InterviewBy Stacey Lynn Brown
Margarita Engle, the new Young People’s Poet Laureate, found her home in books.
poemBy Margarita Engle
Books are door-shaped
Press ReleaseMay 11, 2017
Award recognizes a career devoted to writing exceptional poetry for young readers
poemBy Margarita Engle
Jamaican digging crews have to sleep
Margarita's August Pick
How often do city dwellers think about the lives of the people who plant, cultivate, and harvest food? Even if my own background were not agricultural, I would love Herrera’s autobiographical verses about growing up in a family of migrant farmworkers. “In their bright colors, campesinos dotted / the land like tropical birds.” (“Con su ropa brillante, los campesinos le daban color / al campo como aves tropicales.”) On the road, following crops, meals were eaten out in the open. “The sky was my blue spoon, / the wavy clay of the land was my plate.” (“El cielo era mi cuchara azul / y el barro tierno de la tierra era mi plato.”) During lunch breaks, Herrera’s father whistled bird calls, and “Sometimes my mother would surprise us at dinner / by reciting poetry.” (“De vez en cuando mi madre nos sorprendía en la cena / recitando poesía.”) “Rhyming words would pour out of her mouth / and for a moment the world would stop spinning.” (“De sus labios brotaban palabras melodiosas / y por un momento el mundo entero dejaba de girar.”) This classic book portrays the lives of California farm laborers and introduces children to the traditional importance of poetry in the daily lives of Latin Americans and US Latinos.
Margarita's July Pick
A new book by Naomi Shihab Nye is cause for celebration at any time of year, and this seems especially suited to summer, when young people have traditionally enjoyed free time. Poem titles range from the harsh reality of “Bully” and “Anti-Inaugural” to “Bamboo Mind” and “Peace Pilgrim’s Pocket.” Many poems are tributes to other poets, introducing young readers to Maya Angelou, Lucille Clifton, and Langston Hughes.

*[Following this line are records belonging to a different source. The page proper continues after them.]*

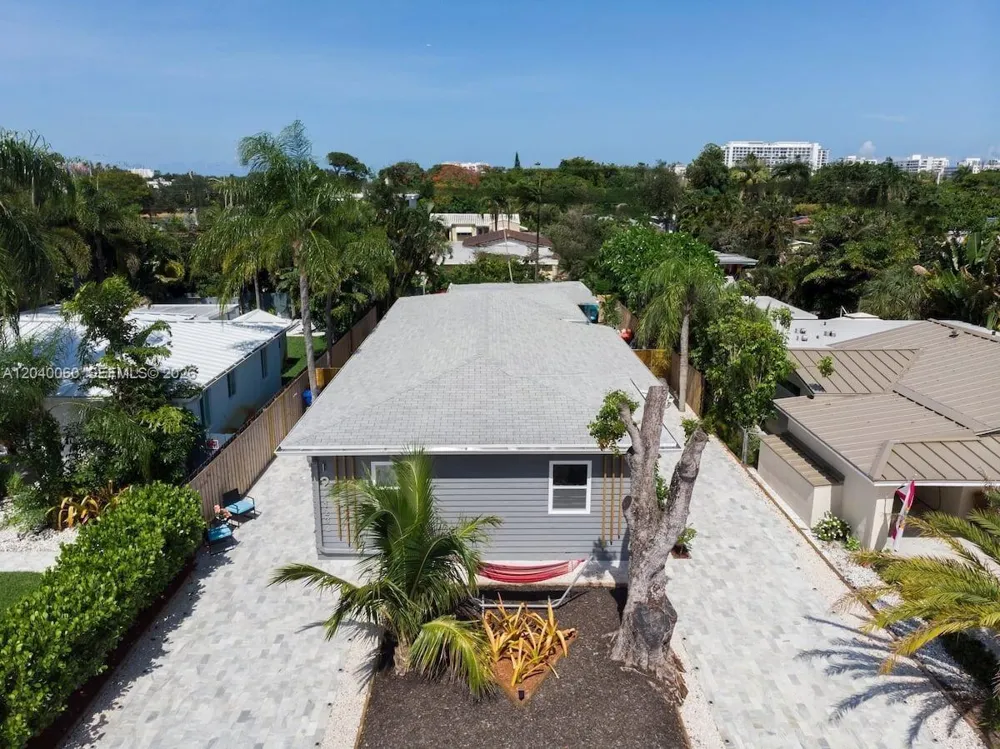 1232 NE 16th Ter Fort Lauderdale, FL 33304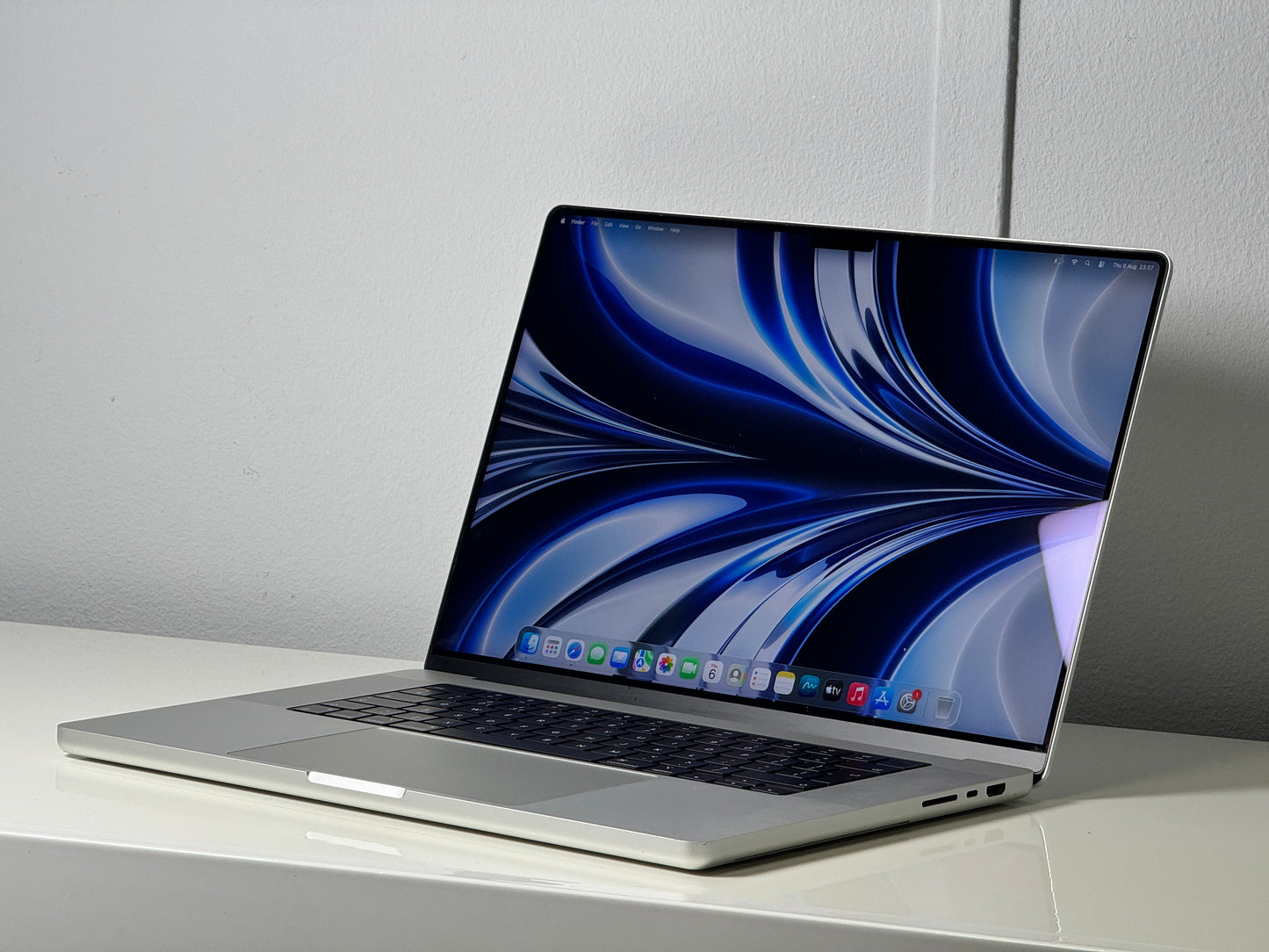 Macbook Pro 16" 4K XDR Display | M1 Pro | 1000GB SSD | 16GB RAM (A2442)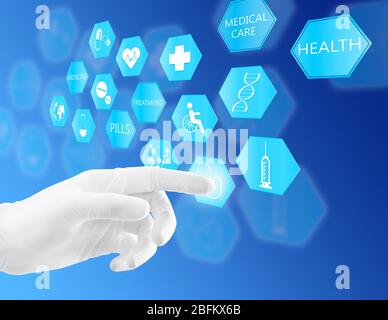 Nahaufnahme der Hand in Gummihandschuh, der mit virtuellem Bildschirm arbeitet Stockfoto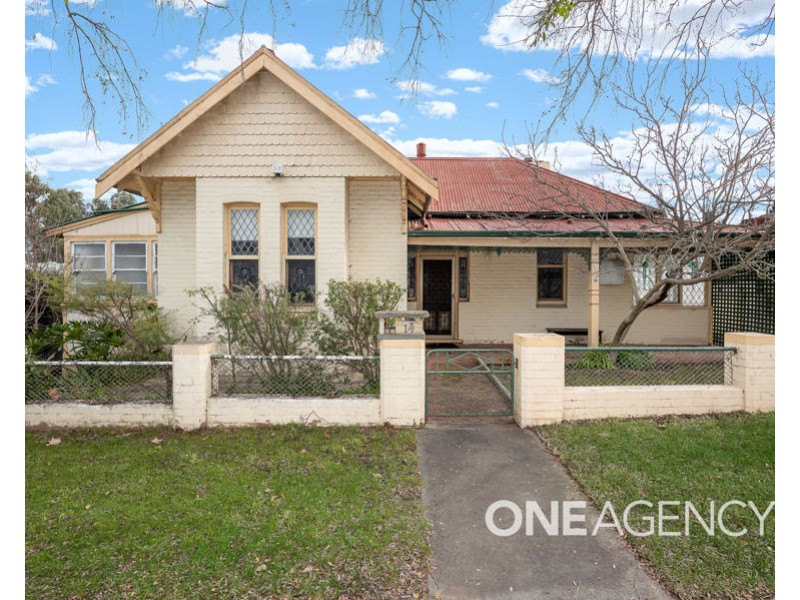 14 SIMMONS STREET, Wagga Wagga NSW 2650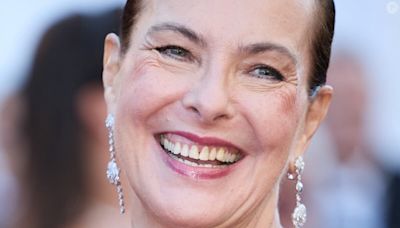 "Un mois par an" : Carole Bouquet, grand-mère au rituel bien particulier avec ses 4 petits-enfants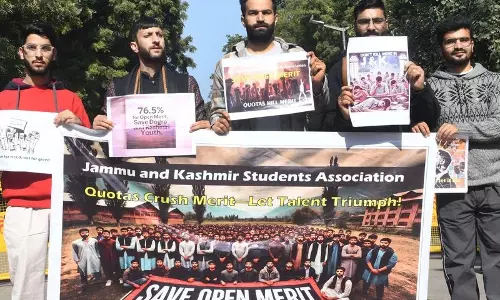 आरक्षण नीति के खिलाफ J&K के छात्रों ने जंतर-मंतर पर किया विरोध प्रदर्शन आरक्षण नीति के खिलाफ J&K के छात्रों ने जंतर-मंतर पर किया विरोध प्रदर्शन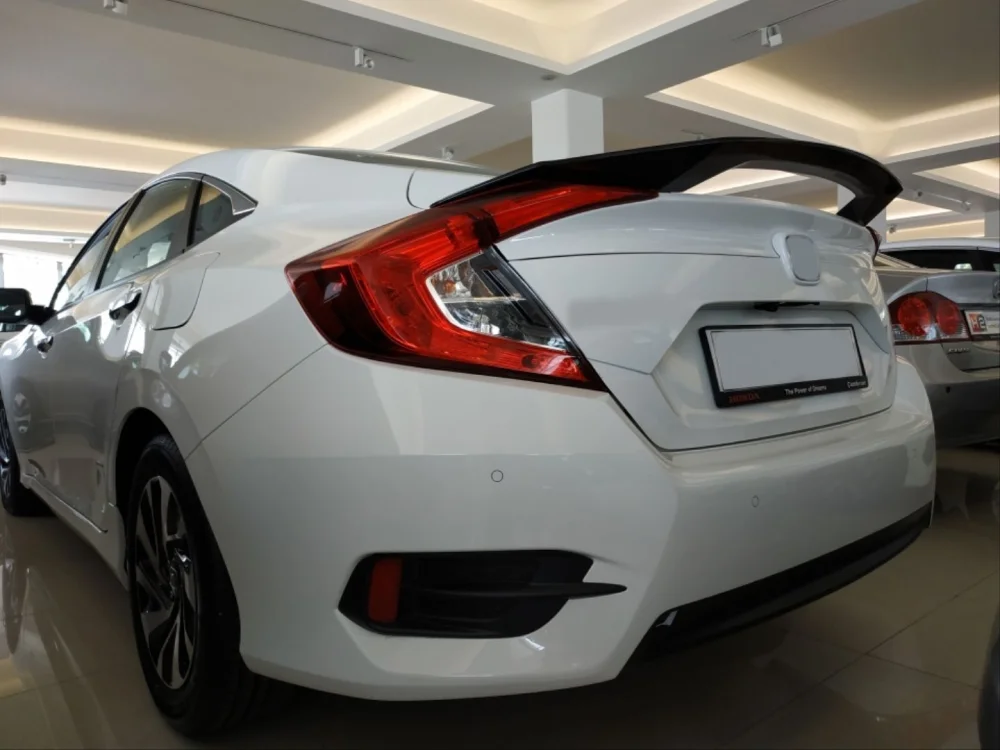 Honda Civic Uyumlu Fc5 V Style Spoiler (Boyasız)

A poem called “Moment of Relief” begins with the line “News loves to be bad,” then continues by speaking of Malala and dreams. Another poem, “Small Basket of Happiness,” conveys images of all the joy ever experienced, still available in the quiet air, “if only. / You would slow down a minute.” Perhaps the most simultaneously terrifying, yet hopeful poem in the entire book is “To Babies”: “So many details now disappeared ... / tiny toads in deserts, fireflies.” These tragic images of loss are followed by the hopeful conclusion, ”We dream you will have so much to admire.” Voices in the Air is an exceptional collection, one that adults, children, and teens can enjoy together.
Margarita's June Pick
Haiti My Country: Poems by Haitian Schoolchildren
Illustrated by Rogé
(Fifth House, 2014)
Caribbean Heritage Month celebrates dozens of cultures unified by geography rather than language. One of the most inspiring children’s poetry books about the islands was written by children. At the end of the introduction, Dany Laferrière says, “In Haiti, poets grow as fast as the trees.”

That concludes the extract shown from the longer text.